Exactly the lines from the one holding "England Longplay TOP" through the end of the material below must be printed, nothing more, and the pictures must be dropped.

[PROVIDED DATA Boundary: Start]

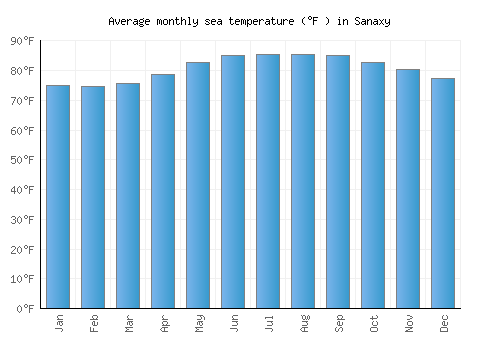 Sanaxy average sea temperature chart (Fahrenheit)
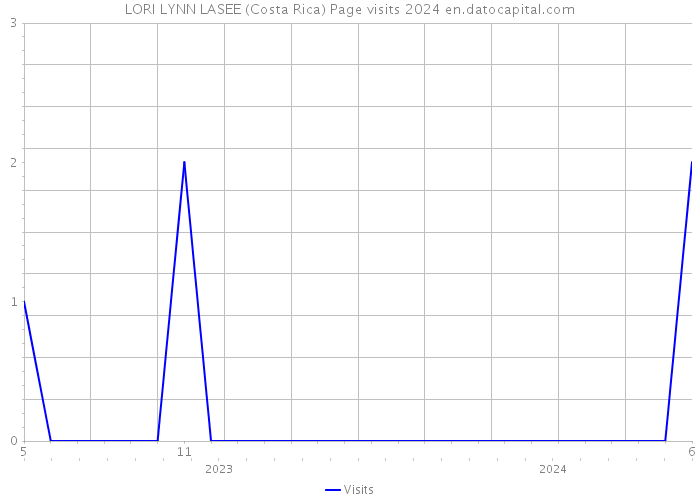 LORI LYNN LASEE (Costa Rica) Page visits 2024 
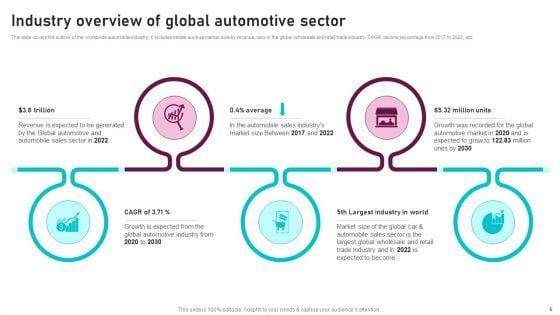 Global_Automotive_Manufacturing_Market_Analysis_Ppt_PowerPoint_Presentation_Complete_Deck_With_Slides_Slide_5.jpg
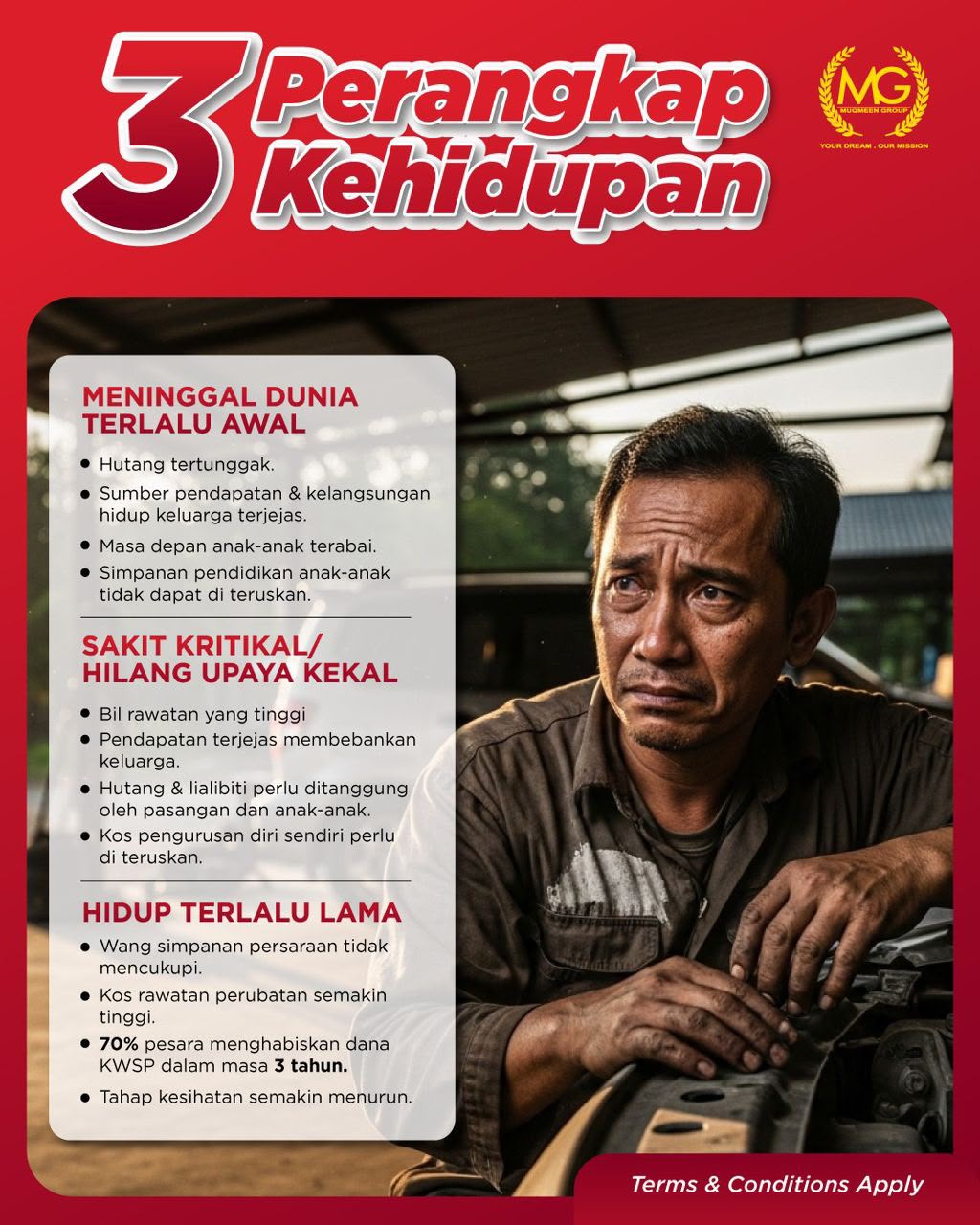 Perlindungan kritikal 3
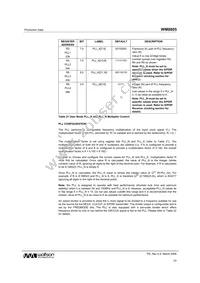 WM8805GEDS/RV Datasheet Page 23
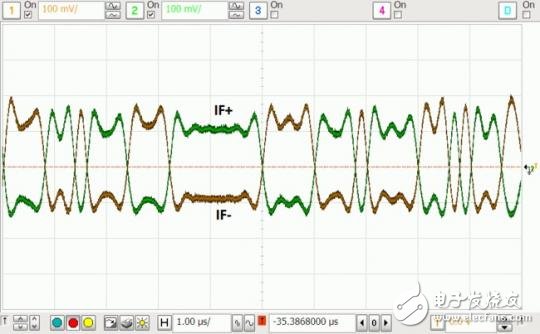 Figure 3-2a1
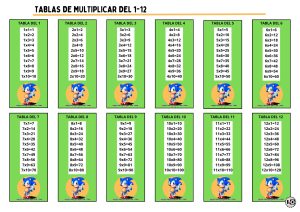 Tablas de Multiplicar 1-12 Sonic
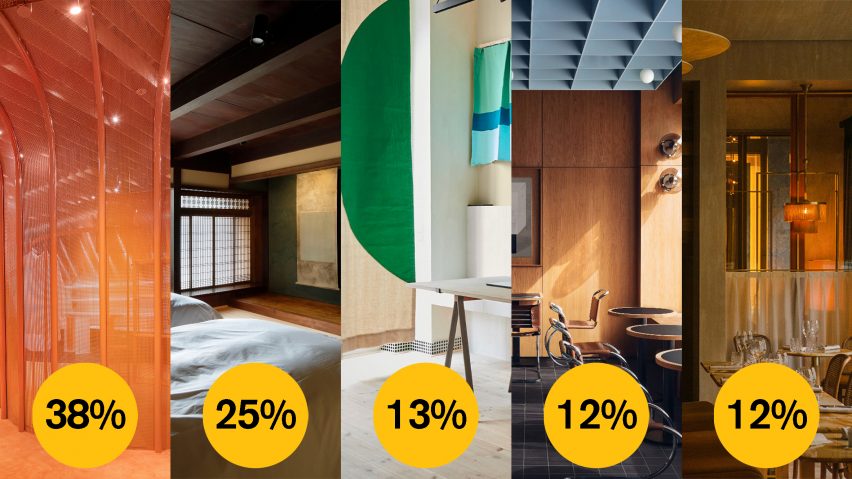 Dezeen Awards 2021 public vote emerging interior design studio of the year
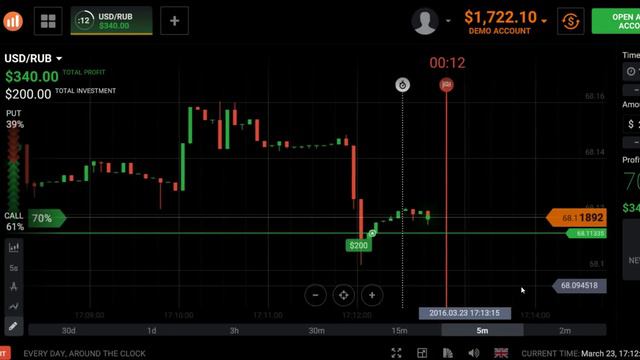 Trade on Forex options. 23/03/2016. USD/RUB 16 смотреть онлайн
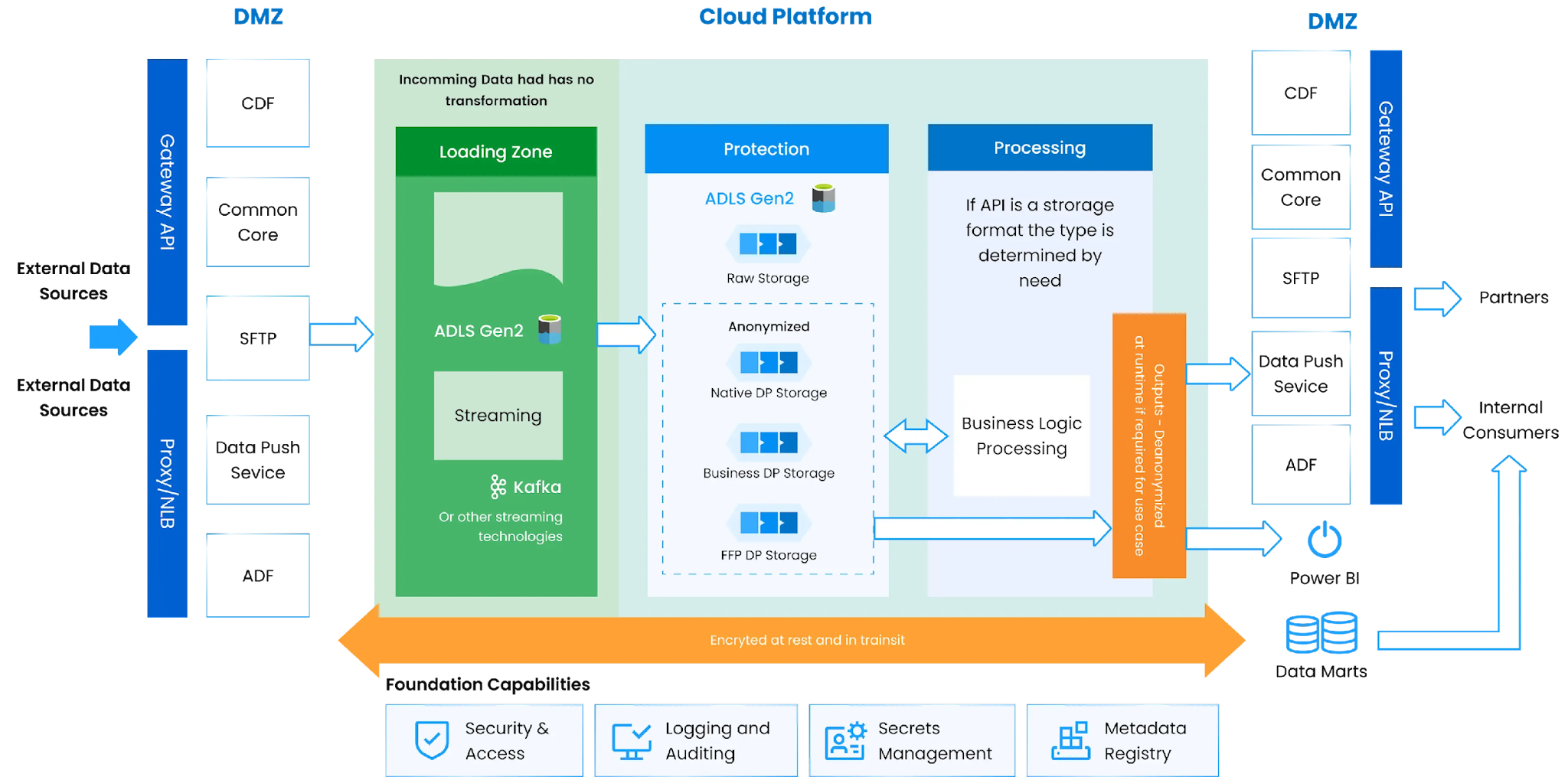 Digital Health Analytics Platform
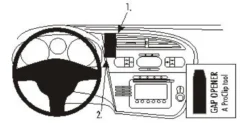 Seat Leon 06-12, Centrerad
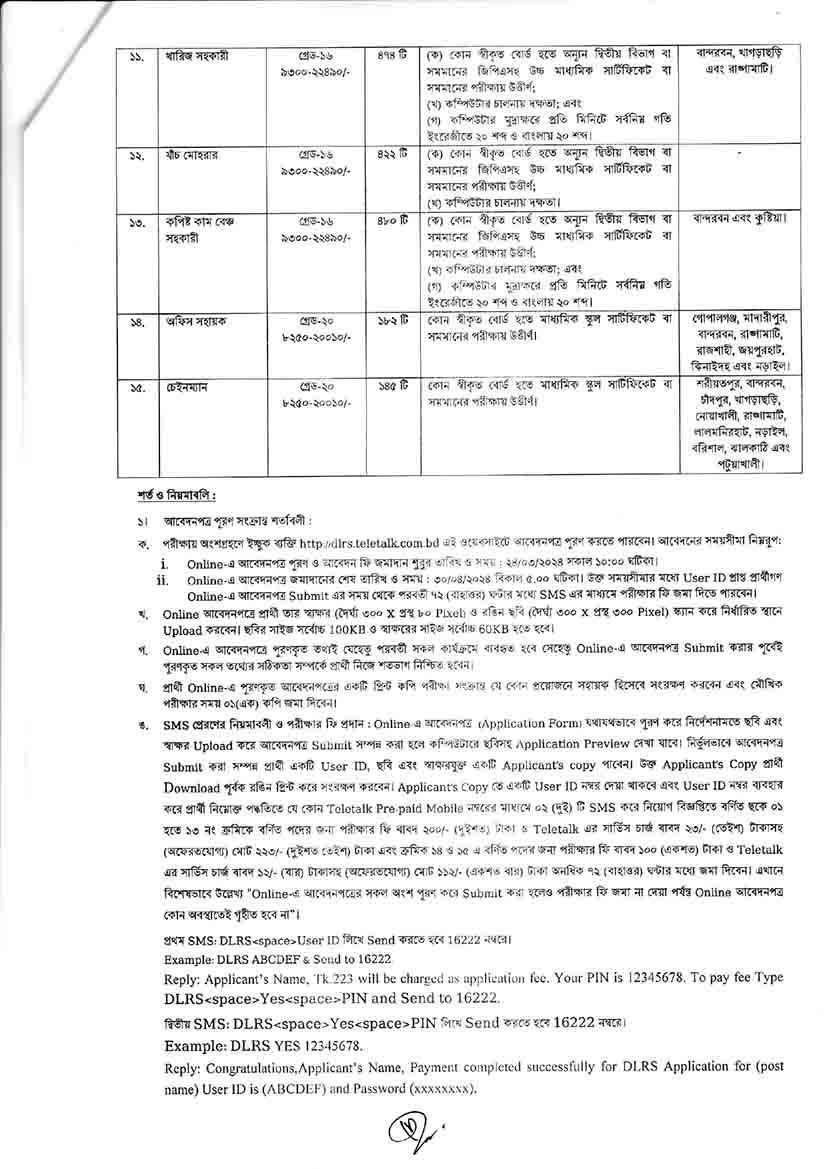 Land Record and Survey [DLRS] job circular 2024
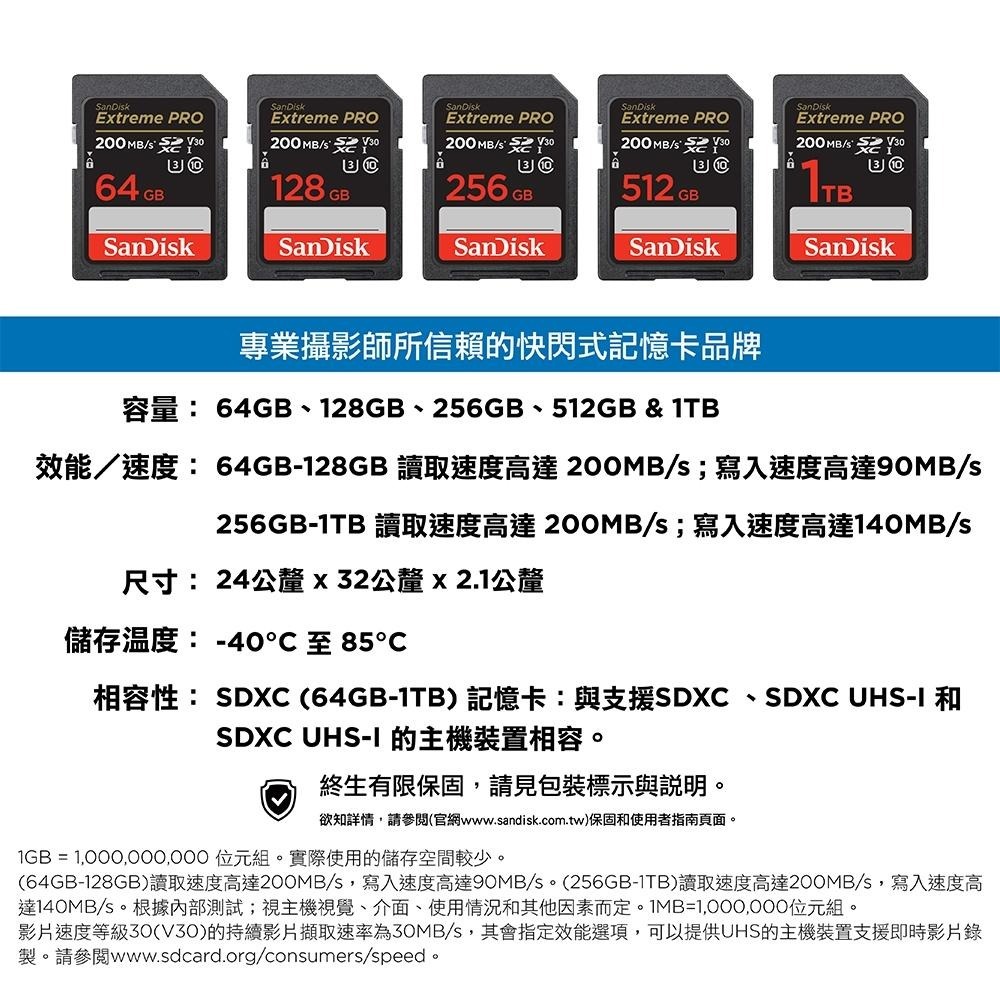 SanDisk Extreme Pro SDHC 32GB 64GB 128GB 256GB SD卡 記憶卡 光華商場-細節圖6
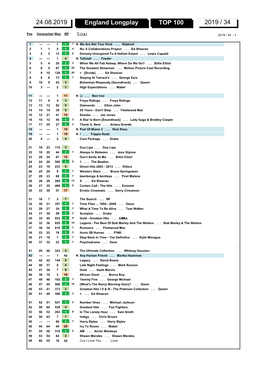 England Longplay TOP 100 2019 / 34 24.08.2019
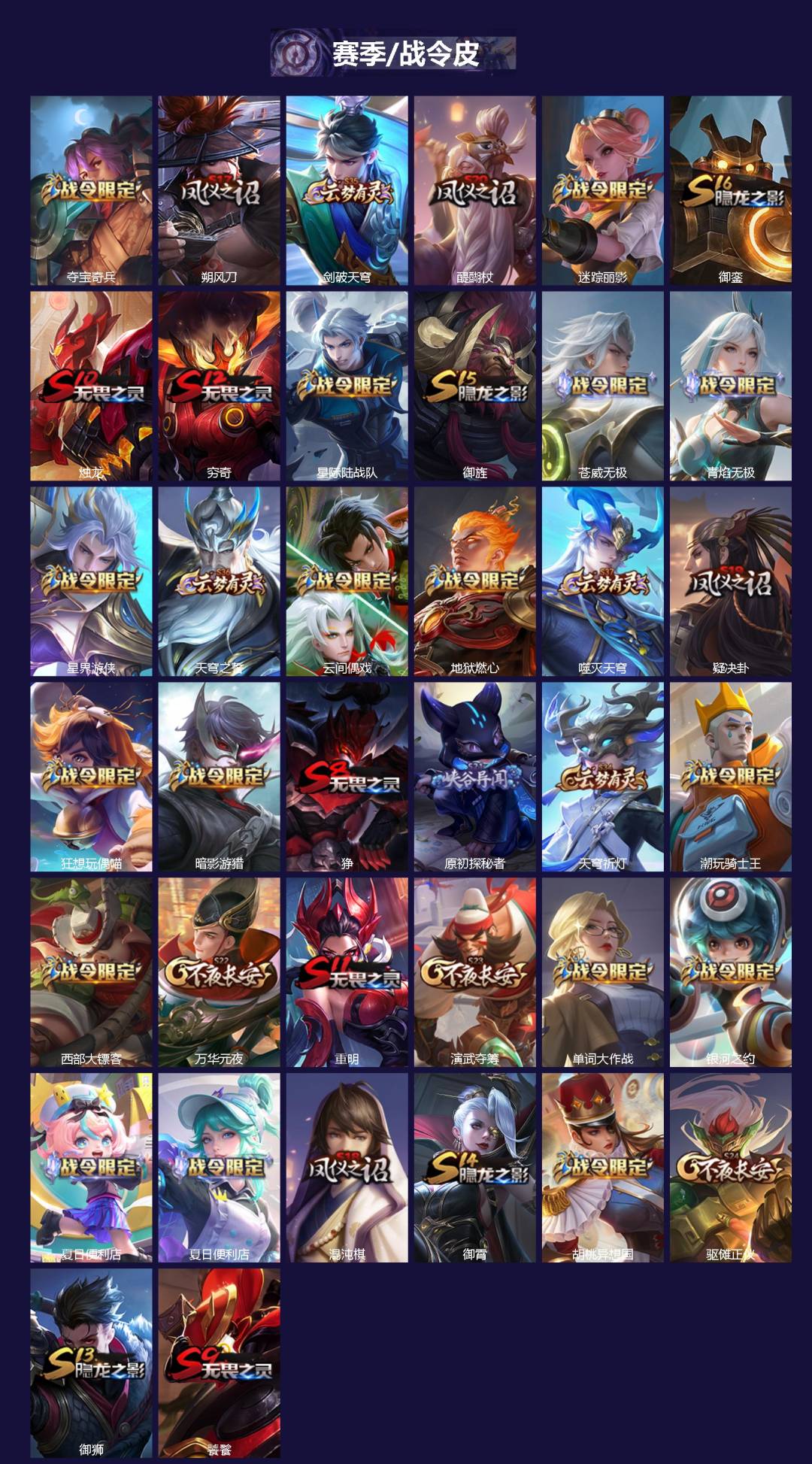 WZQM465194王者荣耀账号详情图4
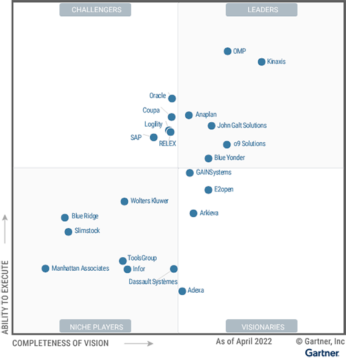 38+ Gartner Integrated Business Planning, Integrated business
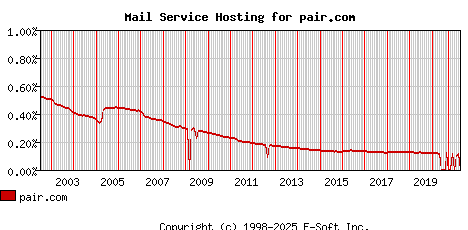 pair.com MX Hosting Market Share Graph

[PROVIDED DATA Boundary: End]

**ANSWER TO THIS TASK:**
 England Longplay TOP 100 2019 / 34 24.08.2019
 WZQM465194王者荣耀账号详情图4
 38+ Gartner Integrated Business Planning, Integrated business
 pair.com MX Hosting Market Share Graph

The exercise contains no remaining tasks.